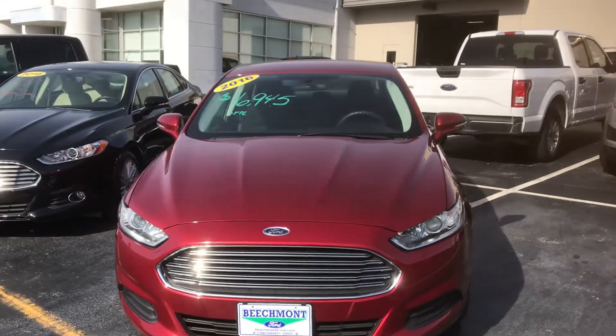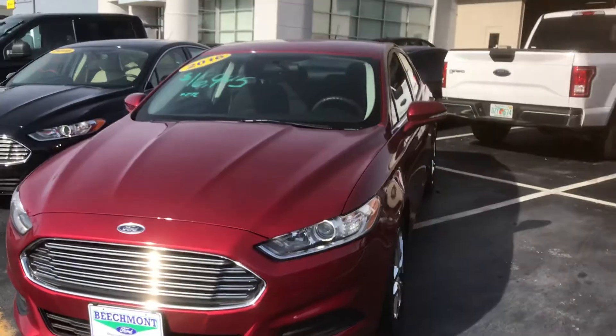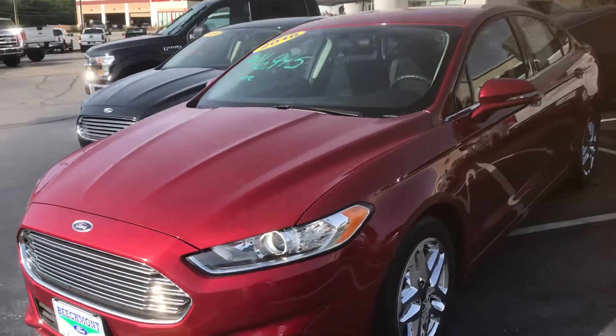Here's a view of the front. It's been serviced, cleaned up, gone through service, and checked out. Very nice car, all ready to sell.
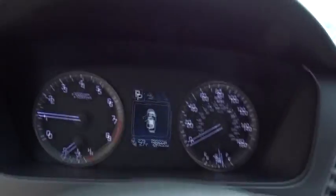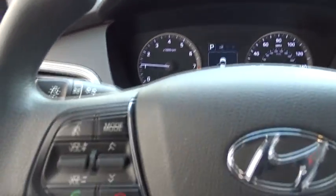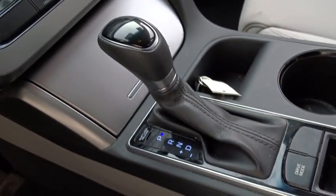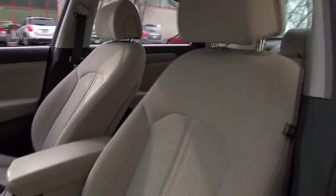This vehicle has less than 30,000 miles. Here are some of this vehicle's great options: stability control, steering wheel audio controls, keyless entry, traction control, anti-lock braking system, Bluetooth, adjustable steering wheel.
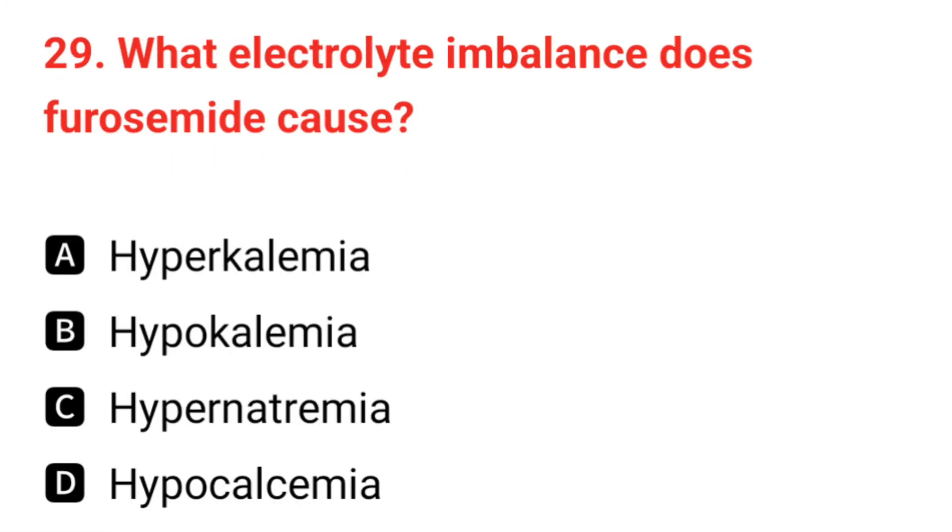Q29. What electrolyte imbalance does furosemide cause? The correct answer is B: hypokalemia.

-=-=-

Give back the whole listing exactly as it stands. Drop every picture.

### Solved problem
Here's a view of the front. It's been serviced, cleaned up, gone through service, and checked out. Very nice car, all ready to sell.
This vehicle has less than 30,000 miles. Here are some of this vehicle's great options: stability control, steering wheel audio controls, keyless entry, traction control, anti-lock braking system, Bluetooth, adjustable steering wheel.
Q29. What electrolyte imbalance does furosemide cause? The correct answer is B: hypokalemia.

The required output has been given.